Whenever someone asks me my biggest fear, I always say the same thing: Time. Why? Because we’re not given enough of it, and it’s easily taken from us. It’s probably one of the Top 5 things I take for granted.
I’ve had this reflection more often as I’ve gotten older because I tend to spend a lot of time looking back, wondering if those who’ve passed would be proud of what I’ve done and the woman I’ve become.
My grandfather died 20 years ago today, and although we weren’t the closest, I like to think now, at 31, he and I would’ve had as strong and unbreakable a bond as I do with Mimi, my grandmother and his widow. We’d spend time reminiscing over family vacations to Walt Disney World, and he’d roll his eyes and shake his head after hearing my dentist found another cavity. (Sorry Pop, but I work in a candy store and I gotta know what I’m selling!) We’d probably go to California Pizza Kitchen every time I’d visit home so he could get his go-to salad chopped into bite-size pieces and a cup of split pea soup.
It's funny to think these memories only happened in the first 11 years of my life, yet they’re ingrained in me forever.

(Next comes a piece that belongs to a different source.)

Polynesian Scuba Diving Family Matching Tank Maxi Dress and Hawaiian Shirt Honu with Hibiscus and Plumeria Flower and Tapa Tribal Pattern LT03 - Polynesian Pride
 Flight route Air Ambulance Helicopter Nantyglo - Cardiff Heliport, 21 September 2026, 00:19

Like the time I wrote to the Tooth Fairy because I swallowed my loose tooth and had him sign my note because he was a DDS. Or the time Mimi and he hosted a huge holiday party for us and Pop’s barbershop quartet members and their families. I’ll always remember one member (shout out to Howie) who dressed up as Moishe Claus and surprised Ben, my cousins and me with a bag full of gifts.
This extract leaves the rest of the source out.